Les Loricariidés, par Yann
Fulliquet.
Les Loricariidae font partie des poissons que nous appelons communément
les Poissons-Chat. Avec plus de 600 espèces décrites et
réparties dans plus de 70 genres, cette famille est parmi les
plus grandes chez les poissons.
Leur répartition va du Costa Rica, Panama pour la frontière
Nord et dans la région du bassin du Rio de la Plata en Argentine
pour la frontière sud.
Ils se distinguent des autres poissons par une bouche en position infère
ainsi que par plusieurs rangées de plaques osseuses. Ils ne possèdent
pas d’écailles et sont donc plus sensibles à toute
pollution de l’eau ou traitement médicamenteux. Ils possèdent
aussi un œil assez typique, rond avec comme une demi-lune en son
milieu, cette demi-lune agit comme diaphragme et ainsi régule
la quantité de lumière pénétrant dans l’œil.

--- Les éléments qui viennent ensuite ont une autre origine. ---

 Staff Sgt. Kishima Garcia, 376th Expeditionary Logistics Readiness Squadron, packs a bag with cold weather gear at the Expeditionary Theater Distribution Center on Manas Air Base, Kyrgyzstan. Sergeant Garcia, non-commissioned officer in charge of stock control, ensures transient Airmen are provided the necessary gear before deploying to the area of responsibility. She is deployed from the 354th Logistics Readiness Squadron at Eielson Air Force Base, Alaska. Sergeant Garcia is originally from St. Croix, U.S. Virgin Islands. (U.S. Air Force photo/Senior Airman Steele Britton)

Ils vivent dans une grande variété d’habitats,
des courants rapides aux eaux froides et assez durs de la Cordillère
des Andes jusqu’aux eaux plus lentes et douces du bassin Amazonien,
aux cascades du Rio Xingu jusqu’aux eaux quasi stagnantes du Pantanal.
Il est donc important de bien se renseigner sur l’origine de son
poisson afin de pouvoir lui donner un gîte similaire à
ce qu’il trouvait dans la nature.
Au niveau alimentaire, ce ne sont pas de nettoyeur qui vont débarrasser
vos aquarium de tout leurs déchets, ils ont besoin d’une
alimentation spécifique.
Si la majorité sont omnivores, certains sont exclusivement carnivores,
d’autres exclusivement végétariens. Les Panaques
arrivent même à se nourrir exclusivement de bois…
d’où l’importance de bien se renseigner sur son poisson
avant de l’acheter afin de pouvoir le nourrir correctement par
la suite.
Le dimorphisme sexuel primaire n’est pas évident pour
l’œil non entraîné, et ce n’est que lorsque
les poissons pondent que l’ont peut voir une différence
notable entre les deux papilles génitales. Celle du mâle
est de forme conique est assez petite. Celle de la femelle est plutôt
tubulaire de diamètre assez important et plus longue. Le dimorphisme
sexuel secondaire existe pour la plupart des espèces. On notera
en général que les mâles possèdent des odontodes
(petites soies) plus fournis et plus nombreux, ou disposés dans
des régions où la femelle n’en possède point.
La tête est souvent plus longue et large chez le mâle. Les
rayons durs des nageoires sont aussi souvent plus épais. Finalement
la femelle a souvent la région ventrale plus rebondie.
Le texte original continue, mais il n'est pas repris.